A transition from per-gallon fuel taxes to a mileage-based user fee system should be considered as a strategy to ensure adequate road funding for Michigan’s future. This shift would apply to both gasoline taxes and diesel taxes. The objective should be not only to replace the former fuel tax revenue but also to remedy a number of other fuel tax shortcomings: their lack of transparency, lack of accountability of road providers to road users, and the fact that the current fuel tax works less like a user fee and more like just a conventional tax. The transition should focus on the benefits of improving Michigan’s aging and ailing highways as critically important to the state’s economic competitiveness.
The shift from fuel taxes to per-mile charges should be gradual. The best place to start is with the limited-access highways, such as Interstates and other urban freeways. They could be converted to the MBUF system as a way to finance their reconstruction and modernization, via issuing revenue bonds based on the projected user-fee revenues. The charges would be collected using a system such as the widely used and accepted E-ZPass, which uses prepaid accounts linked to windshield-mounted transponders in most cases. Customers would receive rebates based on the estimated fuel taxes they paid for the miles driven on roads using a MBUF. This would demonstrate that MBUFs are to be the replacement for fuel taxes, not an additional charge.
Converting the limited-access highways first would avoid many of the problems likely to be encountered by the pioneer states that attempt to convert all roads to MBUFs at the same time. Converting limited-access roads first would enable MDOT to avoid having to use decreasing fuel tax revenues for the very important tasks of rebuilding and then maintaining its Interstates and freeways. Over the next decade or two, MDOT could use most of its gas tax revenue on non-limited-access state and county roads, to bring them up to a state of good repair.
By temporarily deferring conversion of these other roads to per-mile charges, Michigan could learn from the successes and failures of other states, as they use current MBUF technologies to convert all their roads. A decade or two from now, there will likely be better technologies and processes available for recording and reporting miles driven. In addition, much larger numbers of participants in other states should lead to reductions in the unit cost of processing mileage-based transactions.

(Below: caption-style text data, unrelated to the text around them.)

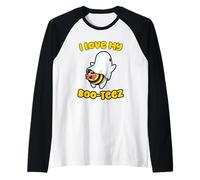 Amo a mis Boo-Tees | Linda Abeja Fantasma Halloween para Camiseta Manga Raglan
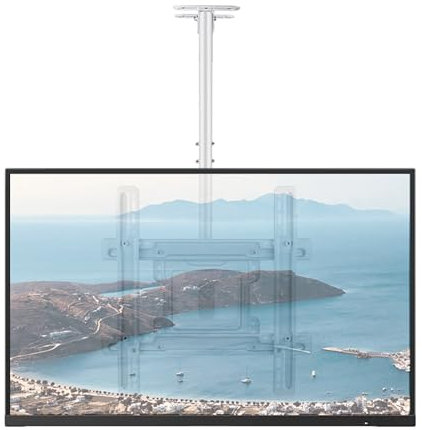 JXMTSPW Staffa per TV da soffitto per TV da 42-75 pollici, schermo piatto e curvo, movimento completo, VESA max 400 x 400 mm, supporta fino a 50 kg, inclinabile, girevole, regolabile in altezza,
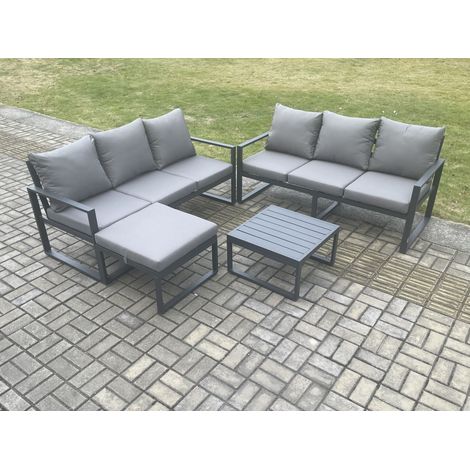 Fimous Aluminium 4 Pieces Garden Furniture Sofa Set with Cushions 7 Seater Outdoor Patio Set with Square Coffee Table Big Footstool Dark Grey (1/5)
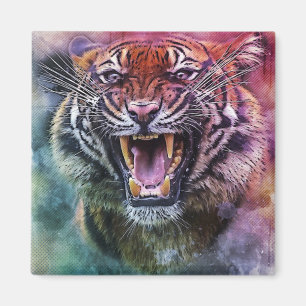 Schönes Growling Bengalisch Tiger Face Foto Magnet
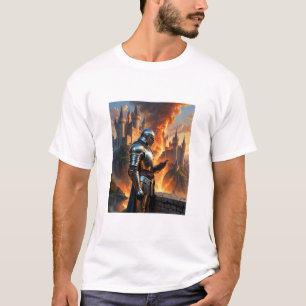 Middeleeuwse Ridder Funny Castle Fire Fantasy Art  T-shirt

In the near term, it would be wise for the state Legislature and MDOT to plan for Michigan to take part in one of the federally funded MBUF pilot projects. It would be timely to have such a pilot project under way in the months following the release of the forthcoming MDOT study on toll-financed reconstruction of interstates and other limited-access highways. The pilot project would introduce a cross section of the population (and potentially some elected officials) to the case for transitioning from the gas tax to per-mile charges. It would also support the case for starting the transition with proven technology and the modernization of Michigan’s most important highways.